> _SUPPLIED RECORDS_
- - -

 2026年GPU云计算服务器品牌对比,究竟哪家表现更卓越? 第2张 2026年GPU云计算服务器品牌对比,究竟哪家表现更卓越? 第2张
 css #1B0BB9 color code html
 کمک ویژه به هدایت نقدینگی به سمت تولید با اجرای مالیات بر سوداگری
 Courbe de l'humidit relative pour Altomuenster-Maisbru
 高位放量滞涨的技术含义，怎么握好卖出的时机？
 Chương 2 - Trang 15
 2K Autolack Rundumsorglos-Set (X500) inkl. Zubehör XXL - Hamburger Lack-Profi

- - -

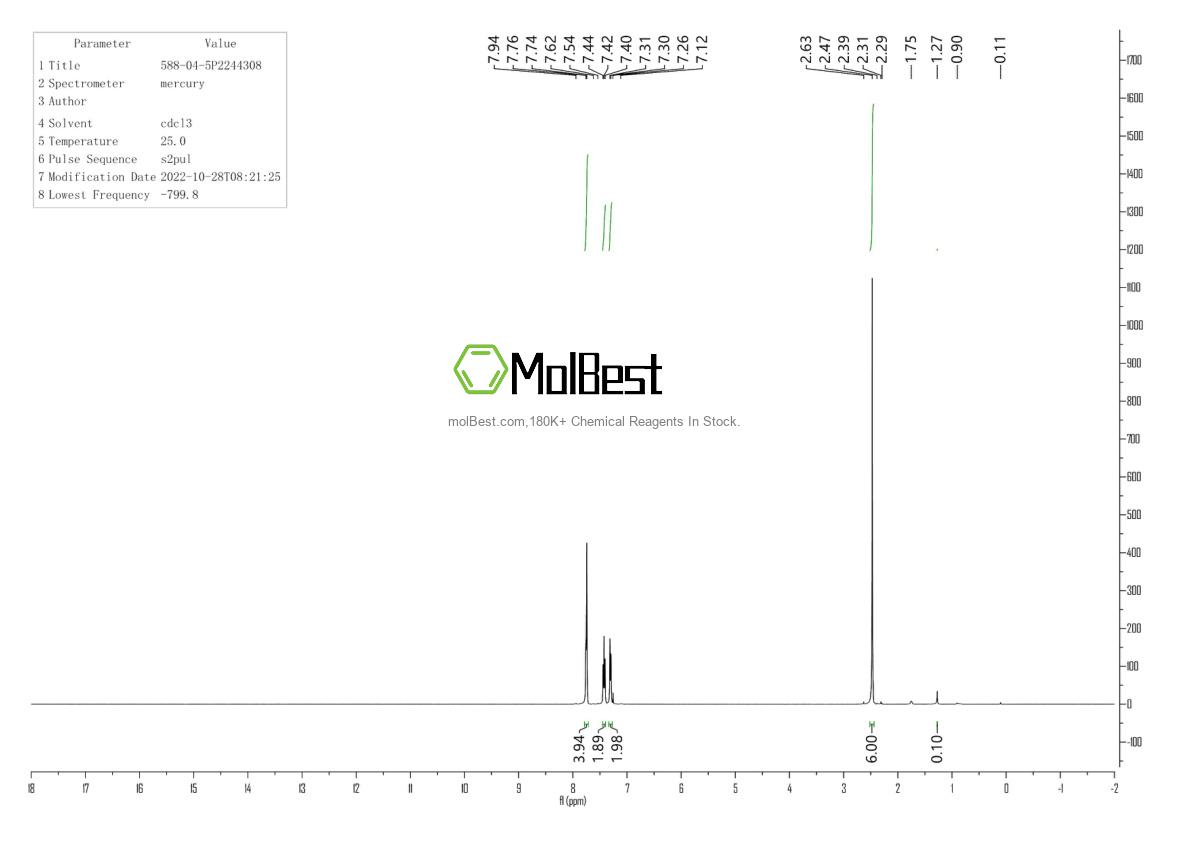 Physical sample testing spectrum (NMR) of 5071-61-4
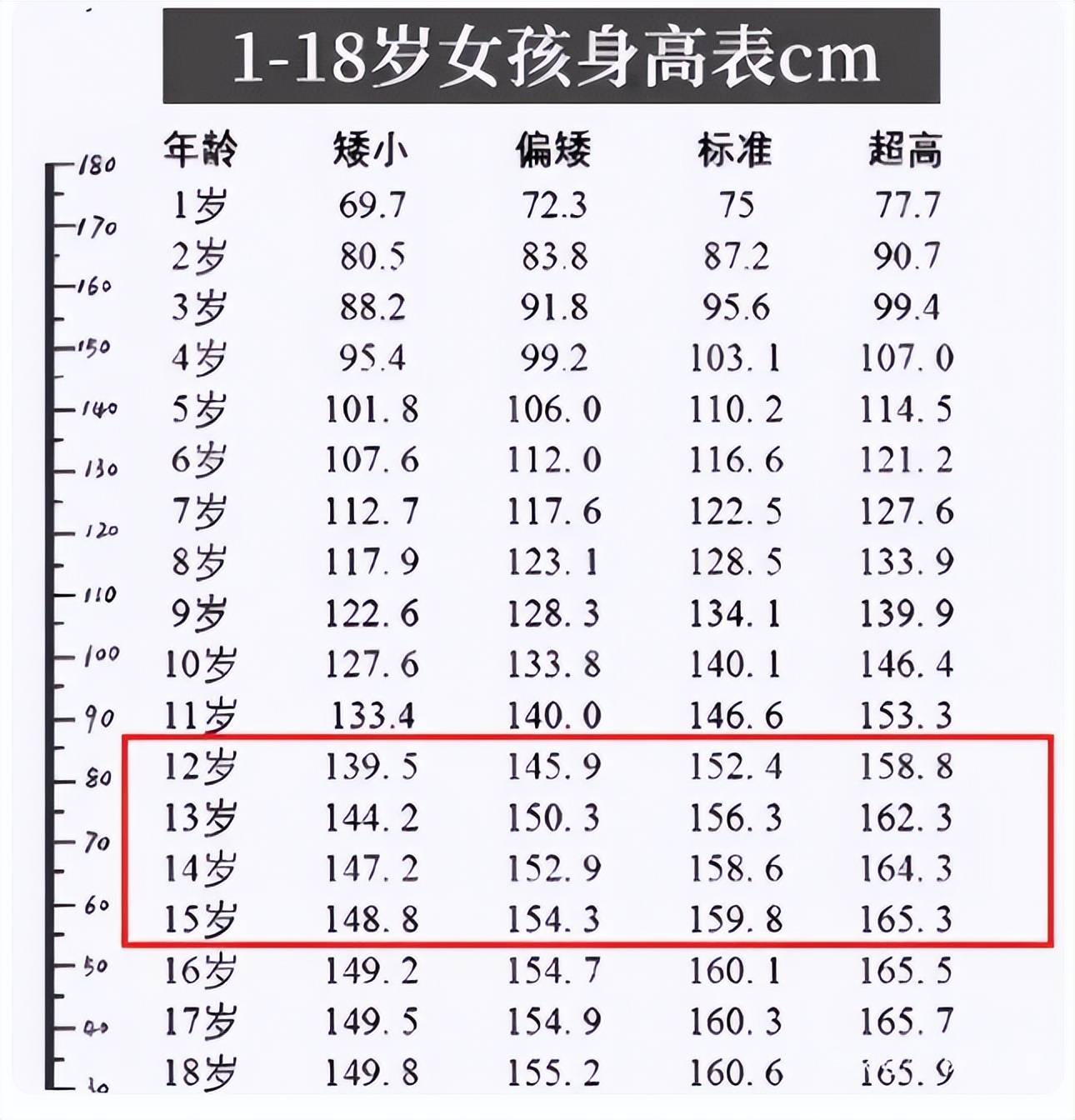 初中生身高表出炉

- - -

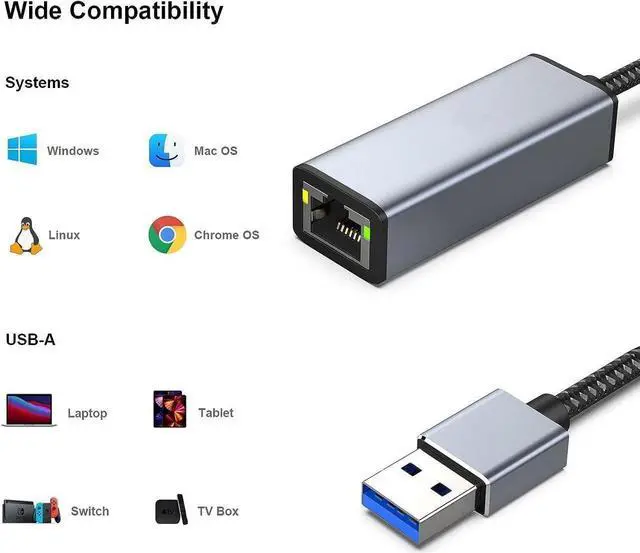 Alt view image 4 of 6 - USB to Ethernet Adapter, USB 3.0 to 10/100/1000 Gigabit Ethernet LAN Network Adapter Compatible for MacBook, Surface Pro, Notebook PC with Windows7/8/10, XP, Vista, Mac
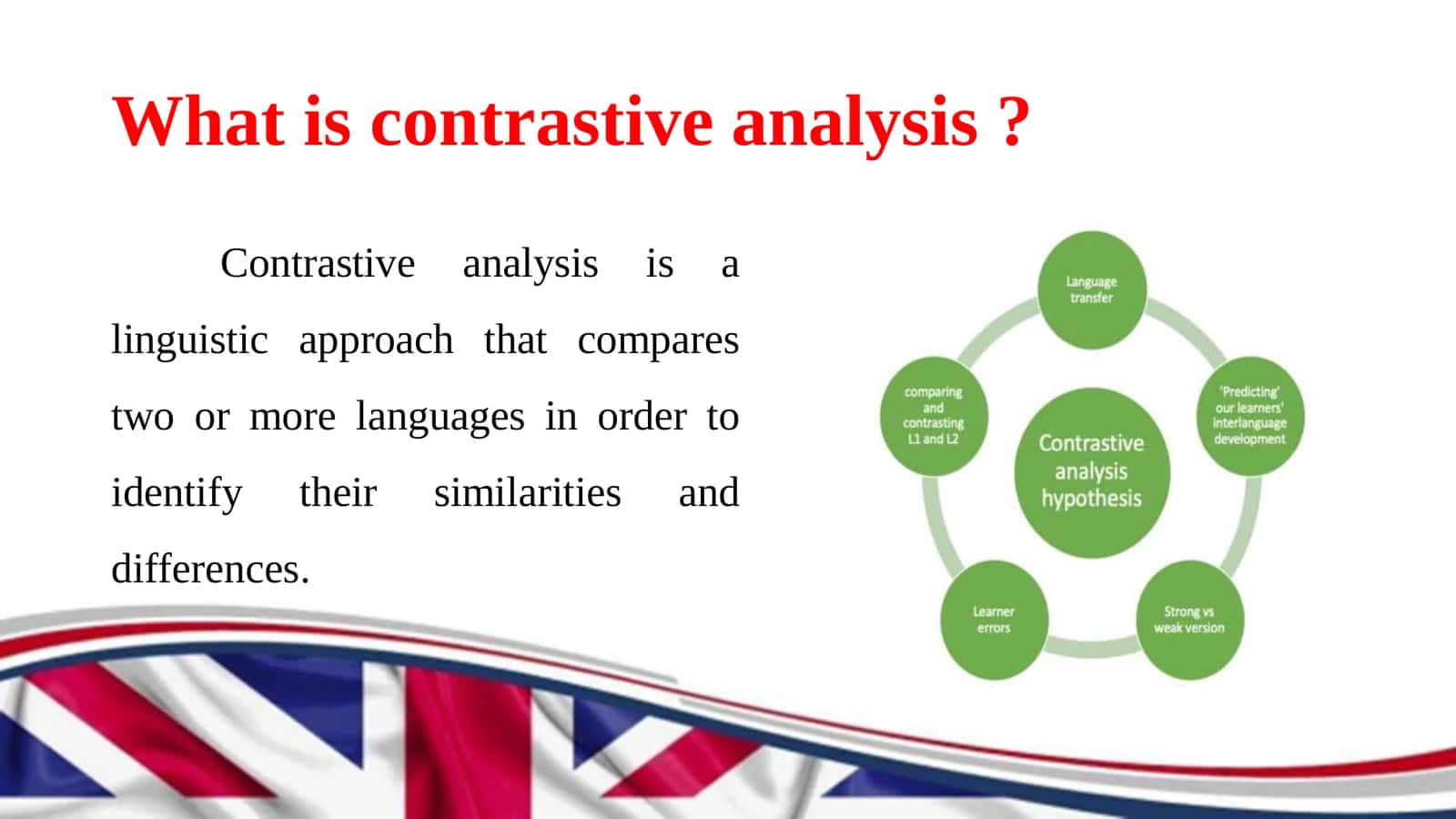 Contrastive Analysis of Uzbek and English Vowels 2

- - -

> _EXERCISE INSTRUCTIONS_
Given the records above, reproduce precisely and only the lines between the line holding "2026年GPU云计算服务器品牌对比,究竟哪家表现更卓越? 第2张 2026年GPU云计算服务器品牌对比,究竟哪家表现更卓越?" and the line holding "2K Autolack Rundumsorglos-Set", inclusive.

> _TASK OUTPUT_
 2026年GPU云计算服务器品牌对比,究竟哪家表现更卓越? 第2张 2026年GPU云计算服务器品牌对比,究竟哪家表现更卓越? 第2张
 css #1B0BB9 color code html
 کمک ویژه به هدایت نقدینگی به سمت تولید با اجرای مالیات بر سوداگری
 Courbe de l'humidit relative pour Altomuenster-Maisbru
 高位放量滞涨的技术含义，怎么握好卖出的时机？
 Chương 2 - Trang 15
 2K Autolack Rundumsorglos-Set (X500) inkl. Zubehör XXL - Hamburger Lack-Profi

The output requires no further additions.